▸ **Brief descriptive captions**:
--- START ---
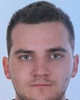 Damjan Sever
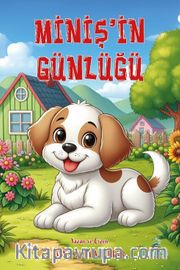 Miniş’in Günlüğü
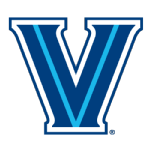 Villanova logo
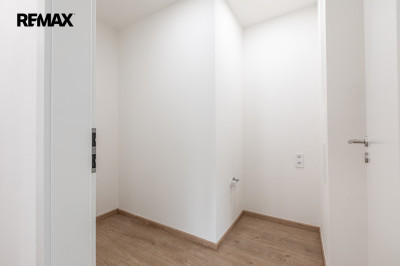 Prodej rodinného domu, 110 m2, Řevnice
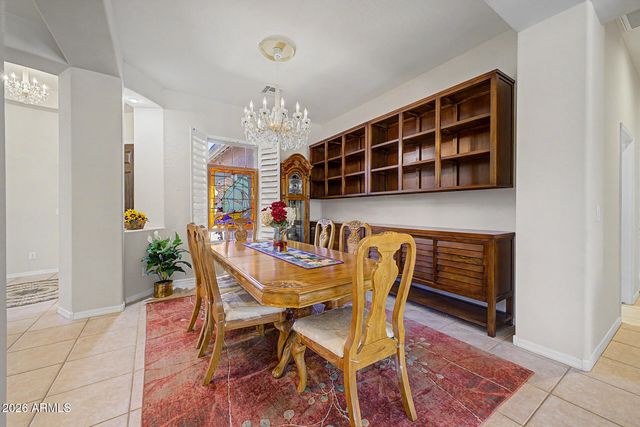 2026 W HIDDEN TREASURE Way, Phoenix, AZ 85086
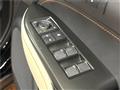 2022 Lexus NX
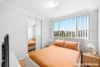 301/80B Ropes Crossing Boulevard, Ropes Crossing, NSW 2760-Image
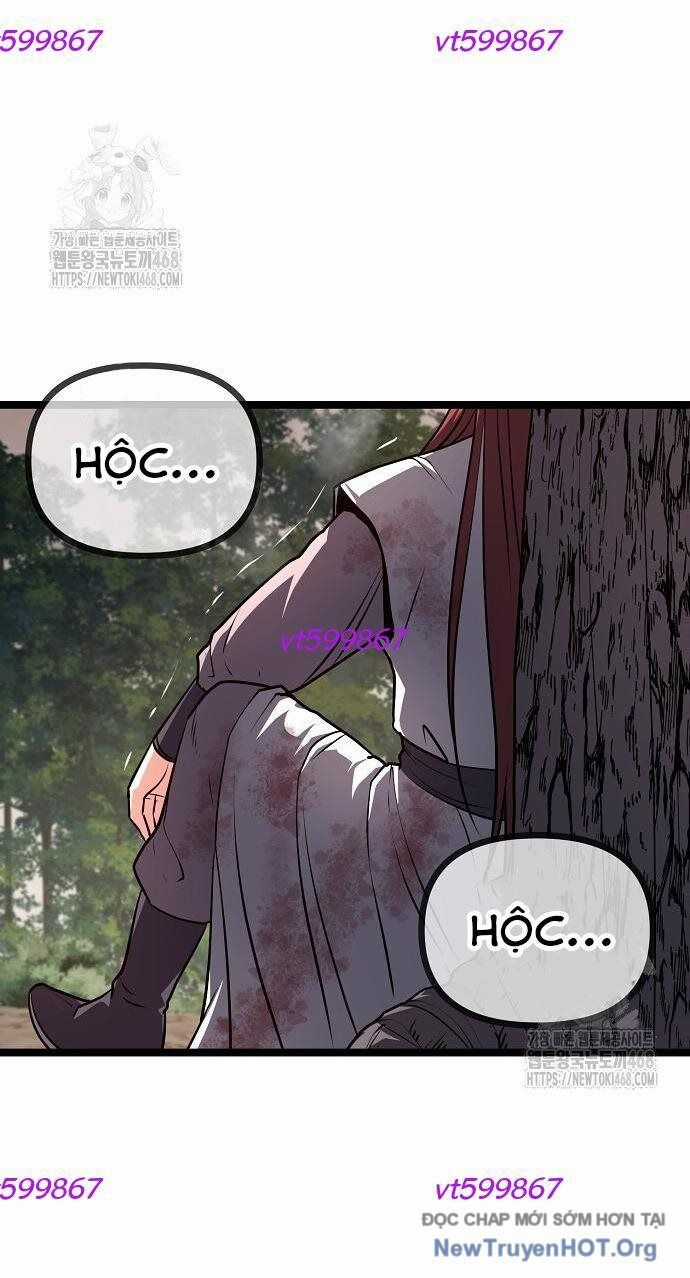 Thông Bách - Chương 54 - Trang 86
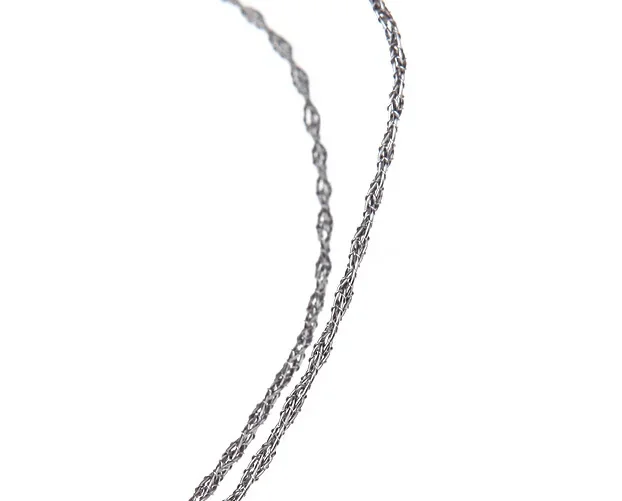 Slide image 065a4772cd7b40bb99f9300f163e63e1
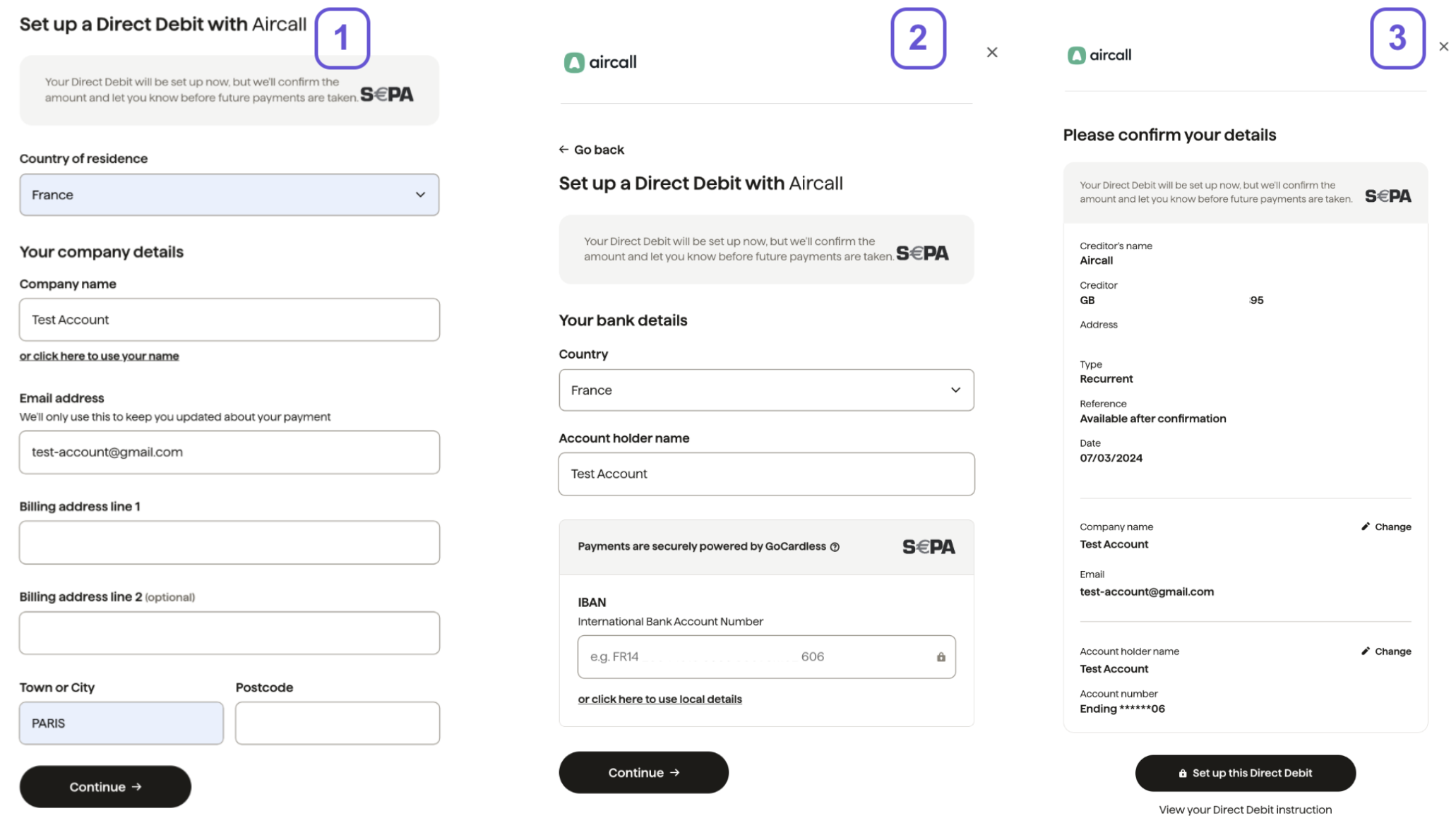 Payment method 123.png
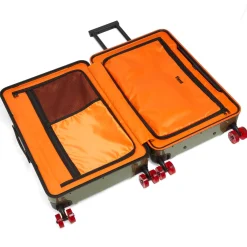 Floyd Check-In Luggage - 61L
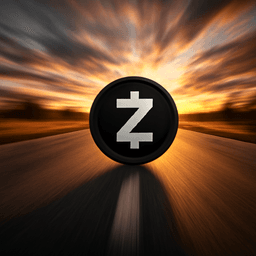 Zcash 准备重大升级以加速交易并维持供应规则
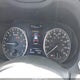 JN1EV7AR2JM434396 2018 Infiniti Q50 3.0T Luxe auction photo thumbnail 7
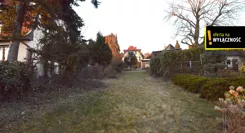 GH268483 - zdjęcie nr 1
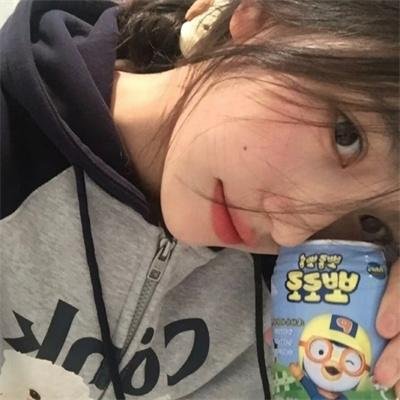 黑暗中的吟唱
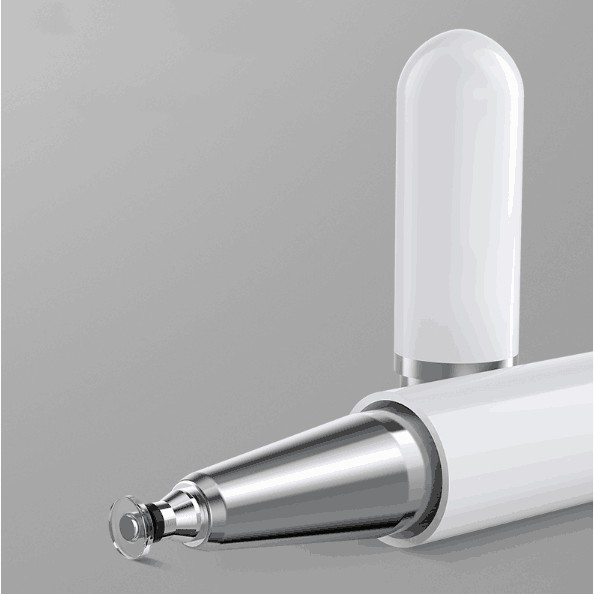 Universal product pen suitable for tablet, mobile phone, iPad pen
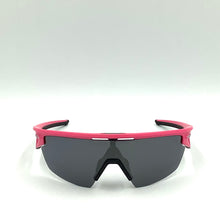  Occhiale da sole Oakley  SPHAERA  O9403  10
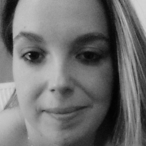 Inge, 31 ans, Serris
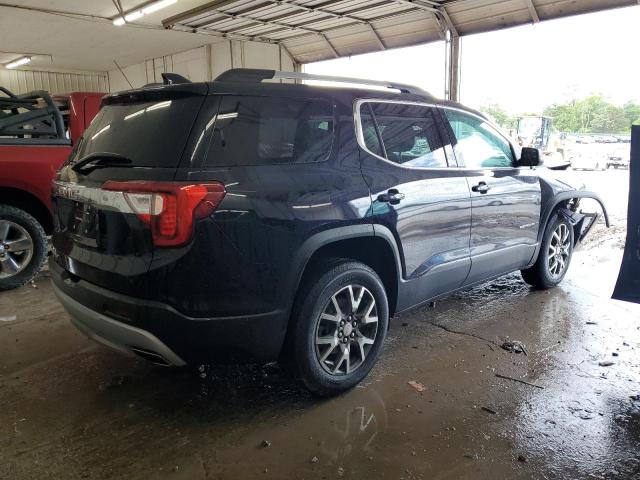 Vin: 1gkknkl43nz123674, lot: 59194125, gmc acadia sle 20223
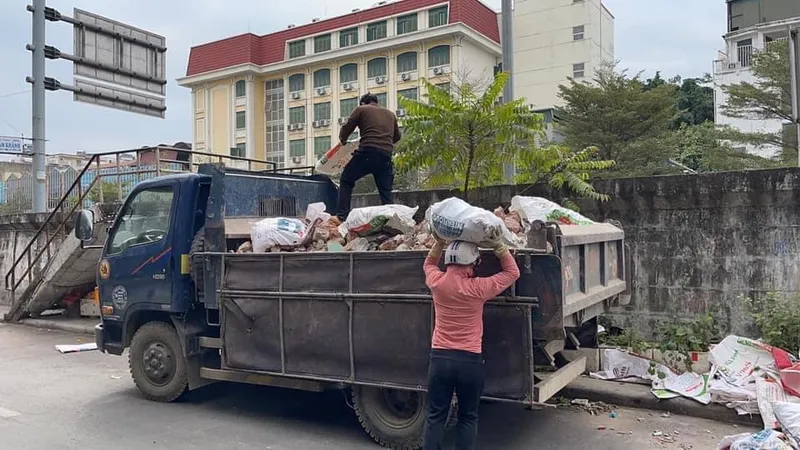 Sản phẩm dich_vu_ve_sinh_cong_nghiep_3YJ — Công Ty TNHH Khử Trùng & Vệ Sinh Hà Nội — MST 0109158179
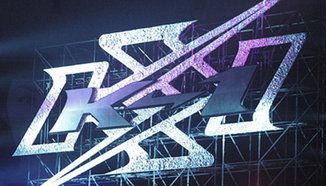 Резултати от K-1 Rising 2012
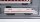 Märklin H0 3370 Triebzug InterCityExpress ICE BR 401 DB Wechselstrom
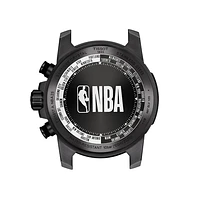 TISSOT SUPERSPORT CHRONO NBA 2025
--- END ---
Where a picture appears in the records above, omit it, and transcribe exactly the stretch of lines from the one with "Slide image 065a4772cd7b40bb99f9300f163e63e1" through the one with "Резултати от K-1 Rising 2012".

 Slide image 065a4772cd7b40bb99f9300f163e63e1
 Payment method 123.png
 Floyd Check-In Luggage - 61L
 Zcash 准备重大升级以加速交易并维持供应规则
 JN1EV7AR2JM434396 2018 Infiniti Q50 3.0T Luxe auction photo thumbnail 7
 GH268483 - zdjęcie nr 1
 黑暗中的吟唱
 Universal product pen suitable for tablet, mobile phone, iPad pen
  Occhiale da sole Oakley  SPHAERA  O9403  10
 Inge, 31 ans, Serris
 Vin: 1gkknkl43nz123674, lot: 59194125, gmc acadia sle 20223
 Sản phẩm dich_vu_ve_sinh_cong_nghiep_3YJ — Công Ty TNHH Khử Trùng & Vệ Sinh Hà Nội — MST 0109158179
 Резултати от K-1 Rising 2012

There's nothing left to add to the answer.